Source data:
• • • • •
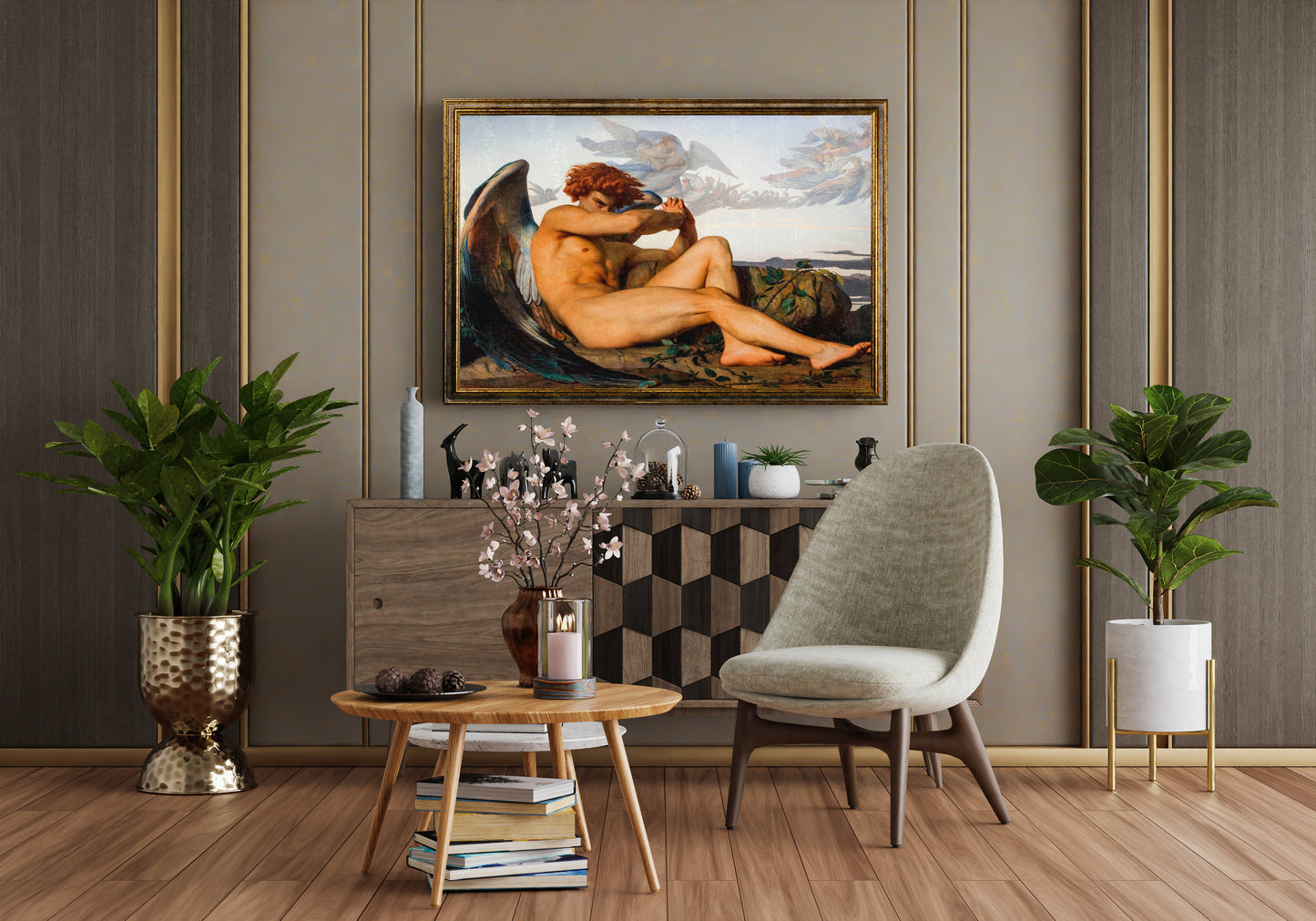 Degas – Der Tanzkurs | Glanzeffekt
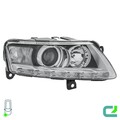Hauptscheinwerfer rechts Bi-Xenon PSY24W HELLA für AUDI A6 Avant (4F5, C6)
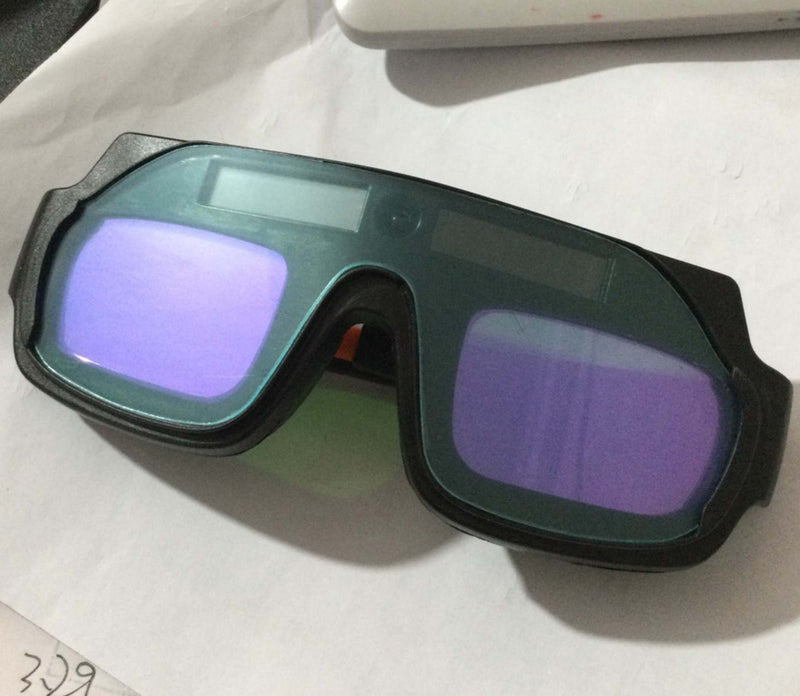 gafas inteligentes para soldadura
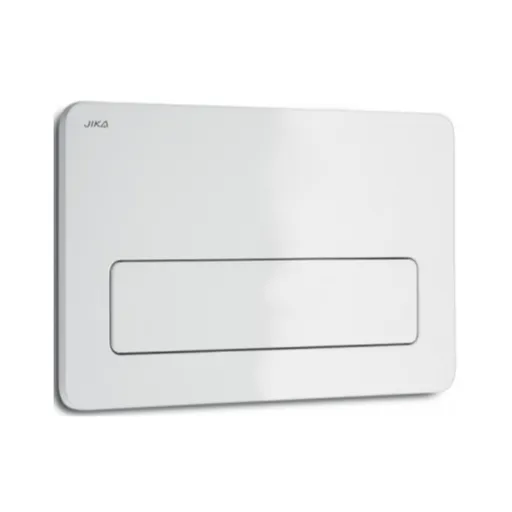 Ovládacie tlačidlo Jika plast biela lesk H8936580000001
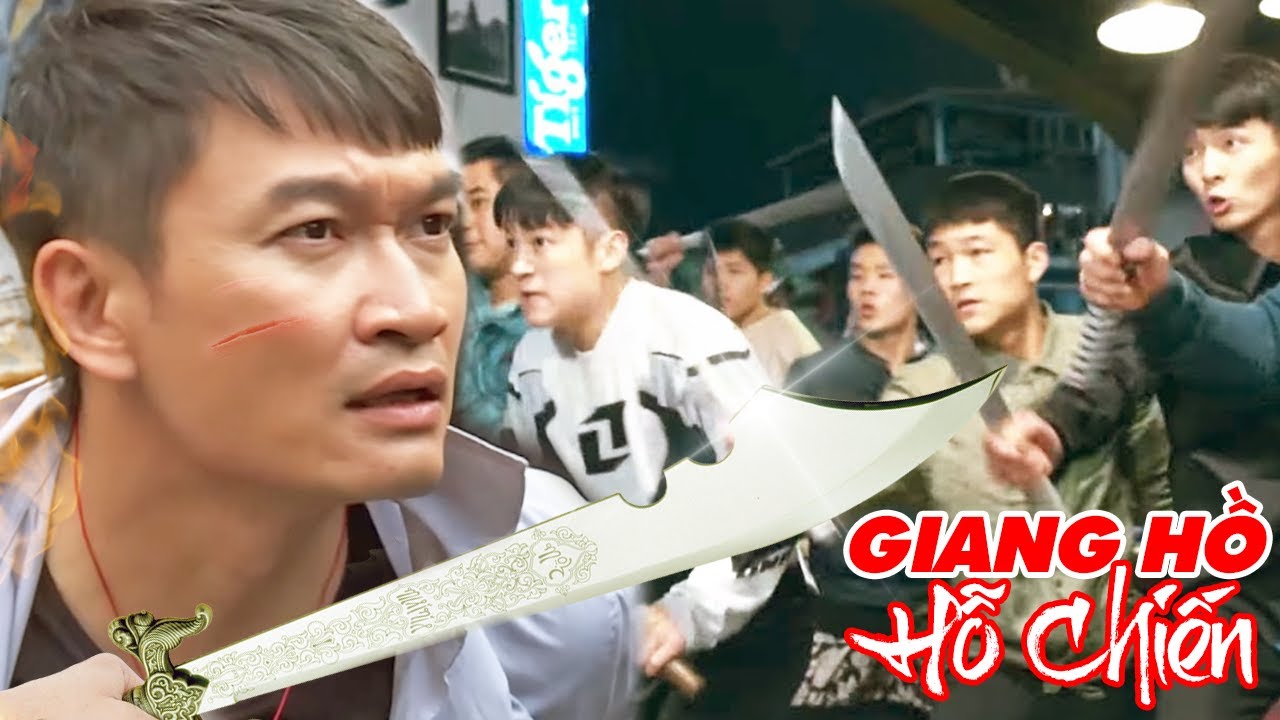 Phim Việt Nam Mới Nhất 2023 | Giang Hồ Hỗn Chiến Full HD | Phim Hình Sự Việt Nam Hay Nhất 2023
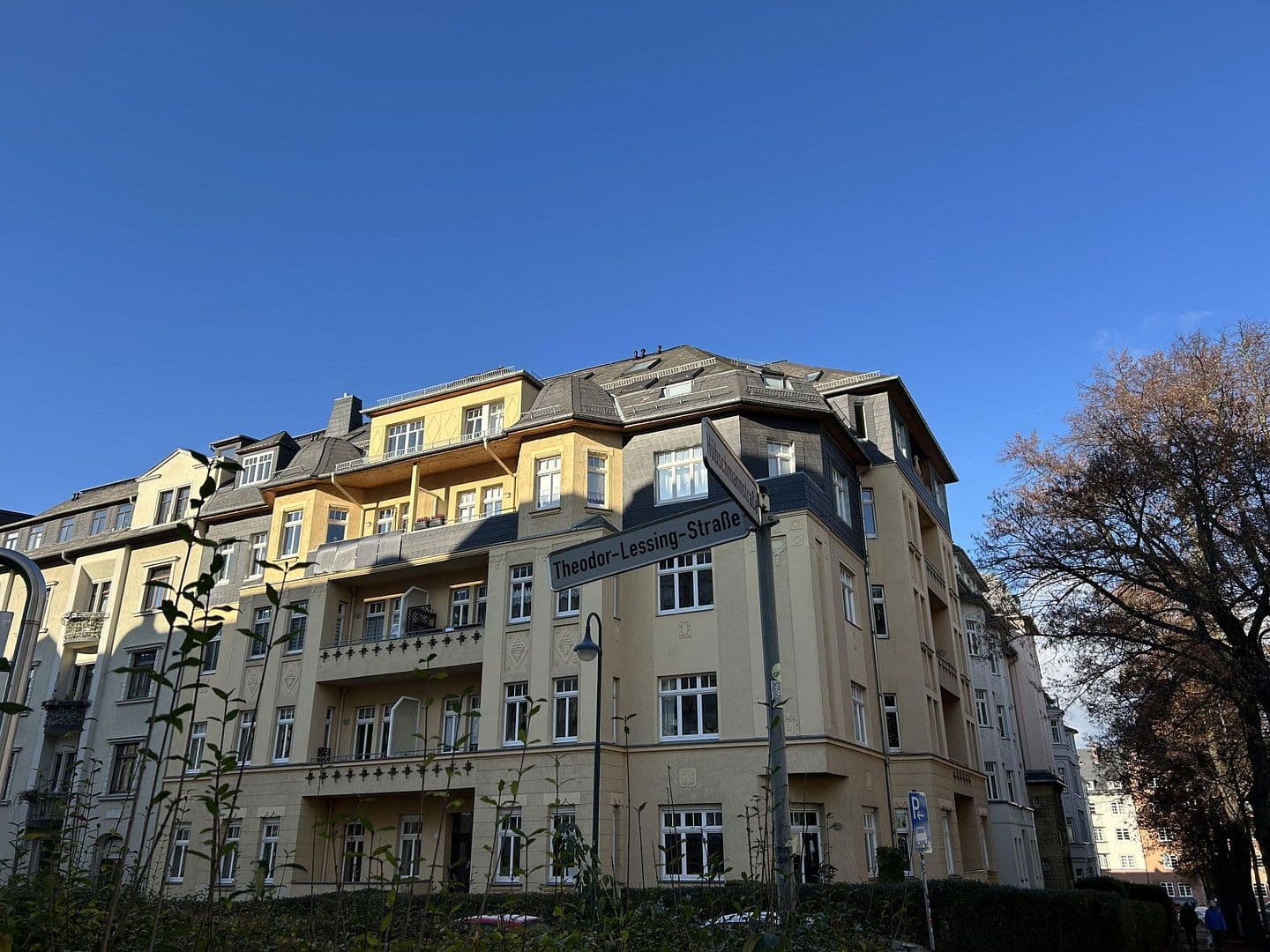 Prodej bytu 2+1 63 m², Theodor-Lessing-Straße 2, Chemnitz, Sasko Prodej bytu 2+1 63 m², Theodor-Lessing-Straße 2, Chemnitz, Sasko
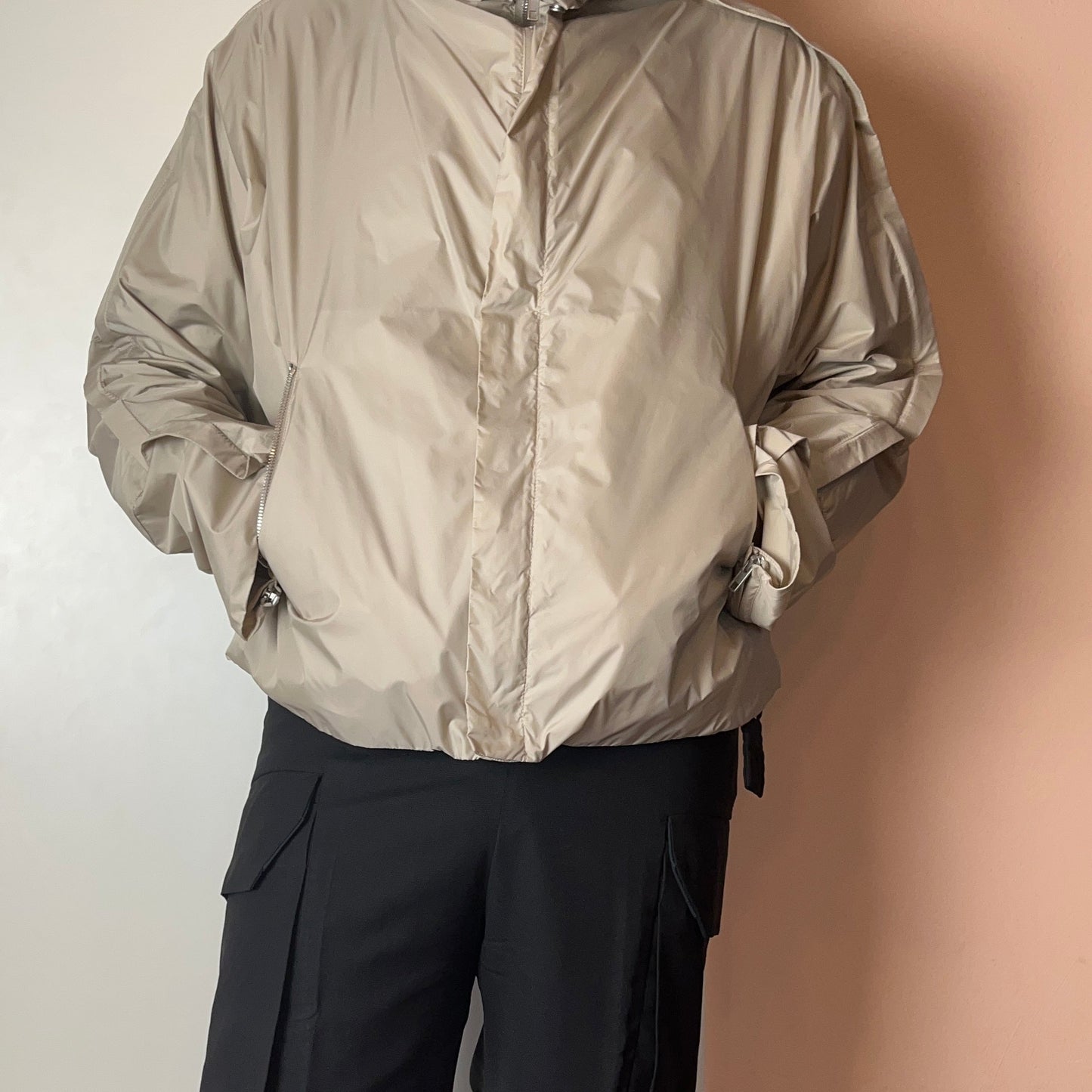 Maison Margiela Techno Blouson - SS20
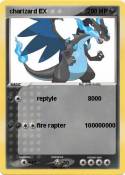 charizard EX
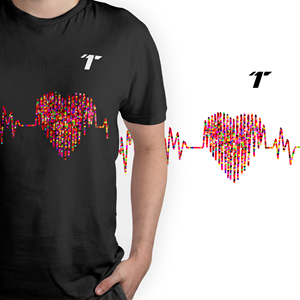 T-shirt Design by SandraCW
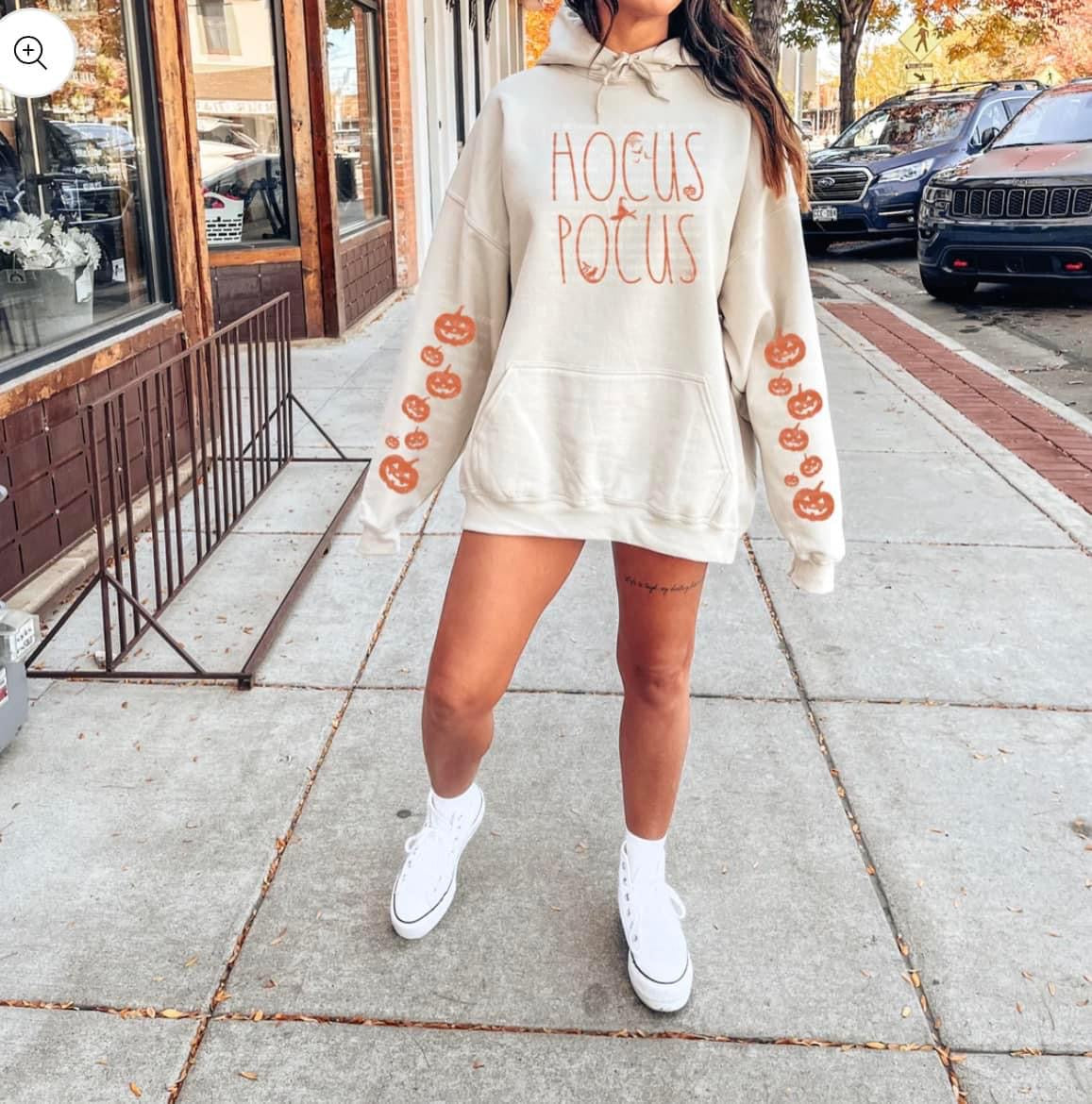 Hocus Pocus sweatshirt
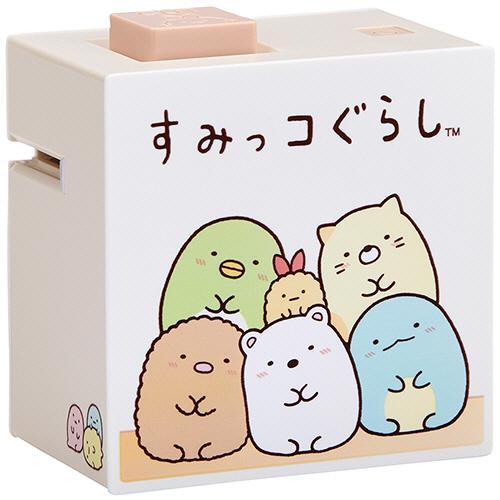 KING JIM（キングジム） テプラ Lite すみっコぐらし クリーム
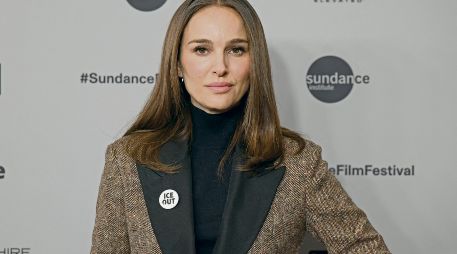 Desde Sundance, la actriz condenó el actuar de las agencias federales como el ICE, subrayando la importancia de los derechos civiles. AFP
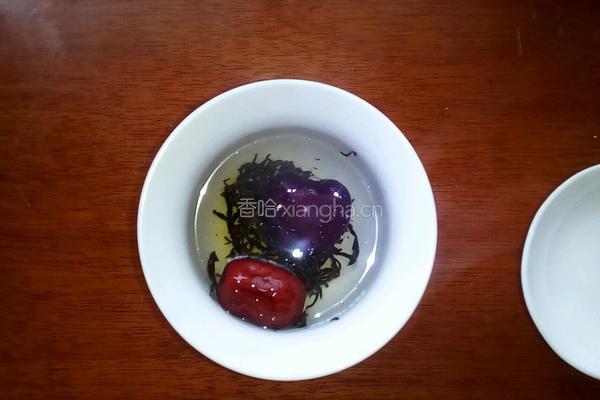 润口养颜茶的做法图解6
• • • • •
▸ **Problem statement**
Only the lines from the one with "Hauptscheinwerfer rechts Bi-Xenon" through the final line of the entries above are to be repeated, exactly as written and without pictures.

▸ **Your solution**
Hauptscheinwerfer rechts Bi-Xenon PSY24W HELLA für AUDI A6 Avant (4F5, C6)
 gafas inteligentes para soldadura
 Ovládacie tlačidlo Jika plast biela lesk H8936580000001
 Phim Việt Nam Mới Nhất 2023 | Giang Hồ Hỗn Chiến Full HD | Phim Hình Sự Việt Nam Hay Nhất 2023
 Prodej bytu 2+1 63 m², Theodor-Lessing-Straße 2, Chemnitz, Sasko Prodej bytu 2+1 63 m², Theodor-Lessing-Straße 2, Chemnitz, Sasko
 Maison Margiela Techno Blouson - SS20
 charizard EX
 T-shirt Design by SandraCW
 Hocus Pocus sweatshirt
 KING JIM（キングジム） テプラ Lite すみっコぐらし クリーム
 Desde Sundance, la actriz condenó el actuar de las agencias federales como el ICE, subrayando la importancia de los derechos civiles. AFP
 润口养颜茶的做法图解6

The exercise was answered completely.